BREAKING: House Sends Bipartisan Public Pension Reform Plan to Governor’s Desk

HARRISBURG – As part of the House Republican effort to reinvent the operations and priorities of Pennsylvania government, the House approved legislation to stop pension costs from draining critical taxpayer resources away from schools, law enforcement and other important programs, House leaders said today.

With a bipartisan vote of 143-53, the bill now heads to the governor’s desk for signature.

The public pension reform plan, Senate Bill 1, will strengthen the state’s two public employee pension systems – the State Employees’ Retirement System (SERS) and the Public School Employees’ Retirement System (PSERS) — by requiring any new state or school district employee hired in 2019 or later to participate in a 401(k)-style plan.

This includes state workers, teachers, judges and members of the General Assembly. Current retirees and current workers or teachers will not be affected by this legislation, unless they actively choose to participate.

Eighteen states have enacted some 401(k)-style plan for state workers.  

The public pension reform plan is projected to save taxpayers more than $5 billion and another $3 billion or more from reduced fees and costs through investment management changes.

Speaker of the House Mike Turzai (R-Allegheny): “This marks a historic point in Pennsylvania government, moving to a defined contribution plan for new hires in the public sector.

“Private sector employees have been in the defined contribution space for some time now.
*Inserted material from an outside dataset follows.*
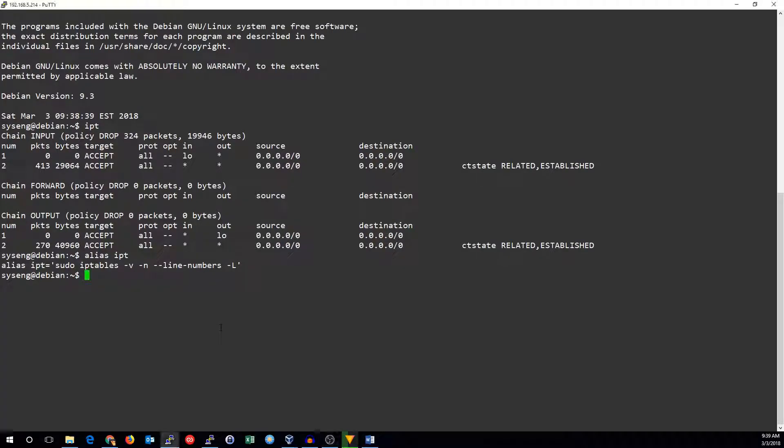Hi this is John from SysEngQuick and today I'm going to show you how to add some basic filtering rules to your IP tables firewall.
The dramatic increases in pension costs have put significant pressure on the taxpayers. This reform will protect future taxpayers’ hard-earned dollars while still providing competitive benefits for new hires.”

House Majority Leader Dave Reed (R-Indiana): “Passing the budget bill in April and now sending a public pension reform bill to the governor shows we are serious about changing how Pennsylvania government operates.

“Reforming the state’s public pension systems to help control taxpayer spending is a top priority; it comes down to restructuring an unaffordable pension system and working to invest those dollars in our schools and communities.”

House Majority Whip Bryan Cutler (R-Lancaster): “Some people may not feel this is the perfect bill. However, it’s important to remember that as we are reforming the system, the unfunded liability for benefits that have already been promised continues to grow.

“In a case like this, a strong bill that receives a vote is far better than a perfect bill that may never exist.”

Appropriations Committee Chairman Stan Saylor (R-York): “With pension obligations being the number one cost-driver for school districts and the state, pension reform is an absolute necessity to avoid property tax increases as well as cuts to essential services.

“This will help realign the state’s public pension systems with those of the private sector as part of our effort to reinvent Pennsylvania government.”

Republican Policy Committee Chairman Kerry Benninghoff (R-Centre/Mifflin): “Pension costs have long led to higher property taxes for homeowners and less money for classrooms.

“By addressing one of the biggest cost-drivers in the state budget and school district budgets throughout Pennsylvania, we are helping to stabilize budgets and helping the taxpayers by controlling costs.”

Caucus Chairman Marcy Toepel (R-Montgomery): “While the effects would not be felt immediately, this bill – which would be the biggest change to the pension system according to PennCAN – would eventually lessen the burden placed on taxpayers in the form of ever-increasing property taxes.

“As Commonwealth residents are being overcome by the costs of remaining in the homes they’ve had for decades, this bill should be a relief as it would eliminate the defined benefit plan currently being offered for new employees. By giving employees the option to choose from three plans, they would enjoy greater control of their savings and risk would be shifted away from taxpayers.”

Caucus Administrator Kurt Masser (R-Columbia/Montour/Northumberland): “Pension reform not only protects our taxpayers, but also enables the commitment to our retirees and current employees to be kept as promised.

“This is a responsible public pension reform plan that addresses flaws in the current system while protecting the taxpayers who foot the bill and ensuring our state workers and teachers the retirement security they deserve.”

Caucus Secretary Donna Oberlander (R-Clarion/Armstrong/Forest): “For the past decade, the pension mandate was taxing our ability to fund meaningful programs that our taxpayers truly want.

“The fact that we accomplished this goal, and can now refocus on our legislative priorities all while providing the promised benefits to our current retirees, is truly historic.”

Combined, SERS and PSERS have 863,000 active, vested and retired members, and an unfunded liability of approximately $62 billion.

The Independent Fiscal Office estimates that by 2019, pension payments by taxpayers will account for nearly 10 percent of the entire state General Fund budget.

In less than seven years, the unfunded pension liability has more than doubled from less than $30 billion to $62 billion.

The public pension reform plan in Senate Bill 1 would offer all new state and school district employees three different retirement planning options – a defined contribution plan similar to the 401(k) system offered by most employers in the private sector, or one of two hybrid plans which combine a 401(k)-style plan with a smaller defined benefit plan. 

According to an analysis by the Pew Charitable Trusts, “This would be one of the most – if not the most – comprehensive and impactful reforms any state has implemented.”